Eu e Michael fomos para a Grécia. Ele queria ver se encontrava alguém da família dele e eu também tinha esperança de encontrar alguém da minha. Mas não achamos ninguém. Nós nos casamos e tivemos dois filhos, mas, em 1950/1951 fomos para Israel, onde meu marido tinha alguns familiares. Lá ficamos por cerca de três anos.
Pensando em sair de Israel, fomos numa agência de turismo e vimos cartazes de vários países. O do Brasil tinha uma bananeira e uma arara linda! Aquilo chamou nossa atenção, já que sempre gostamos da natureza. Vimos que ali podíamos ser felizes com nossos filhos. Foram mais de vinte dias de uma viagem terrível de navio.
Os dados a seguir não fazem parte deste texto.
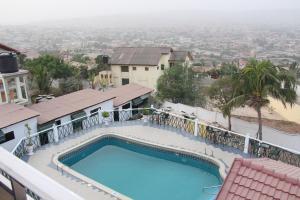 a swimming pool on the balcony of a house at Hill View Hotel McCarthy Hills in Botianaw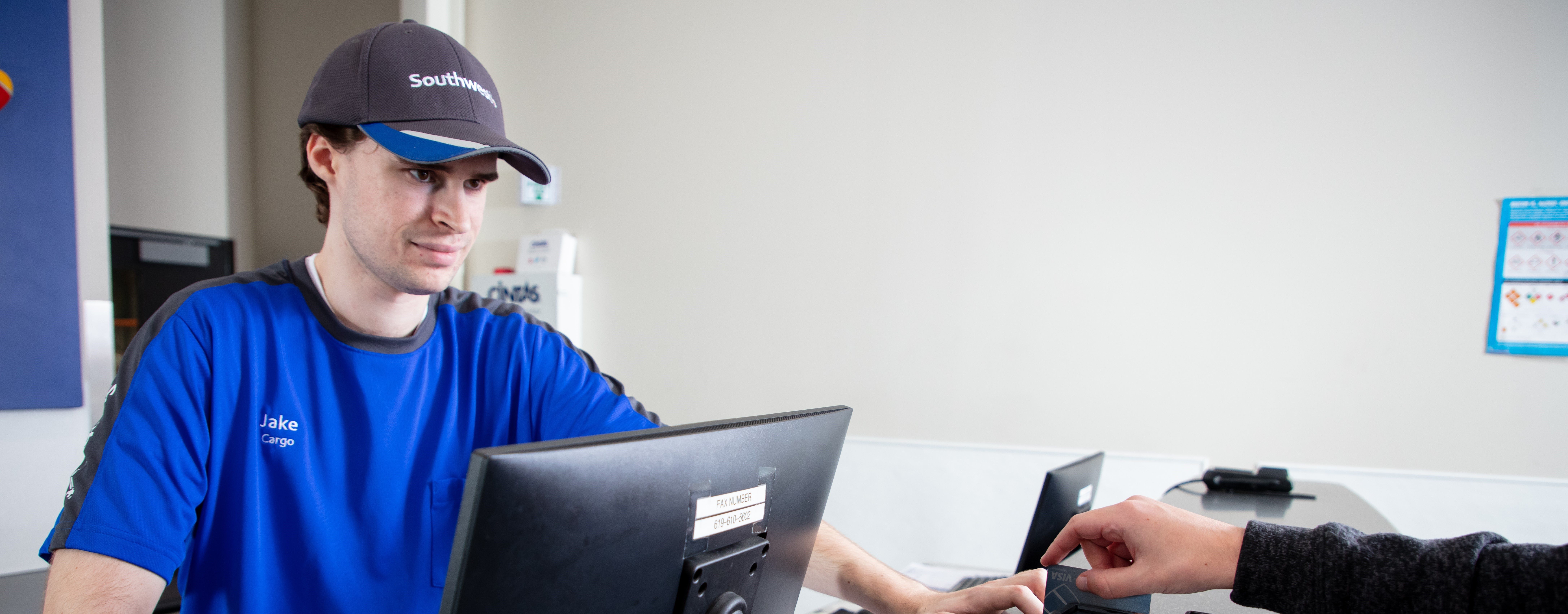 Southwest Cargo Agent taking payment from a customer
Fomos para São Paulo, mas o navio parou no Rio de Janeiro e a primeira imagem que vimos foi o Cristo Redentor de braços abertos. Então tivemos certeza de que seríamos felizes aqui. Chegamos em 21 de abril de 1954, meu marido falava que era o dia do renascimento da gente. E foi mesmo! Até hoje não sei quantos anos eu tenho! rsrsrsrsr
Em São Paulo, meu marido foi camelô. Depois, viemos para Vila Velha. Ele foi camelô aqui também. Montou uma loja e fomos crescendo na vida. Construímos tudo aqui. Dois filhos, seis netos e cinco bisnetos. As últimas palavras do meu marido para mim foram: ‘Lúcia, não se esqueça da minha promessa’. A promessa era a de colocar nossa história no mundo, para que atrocidades como o holocausto nunca mais aconteçam.
Nossa história é muito triste, mas com um final muito feliz.”
Lúcia Carasso.
[Depoimento especial dado à Estação Capixaba. Reprodução autorizada pela depoente.]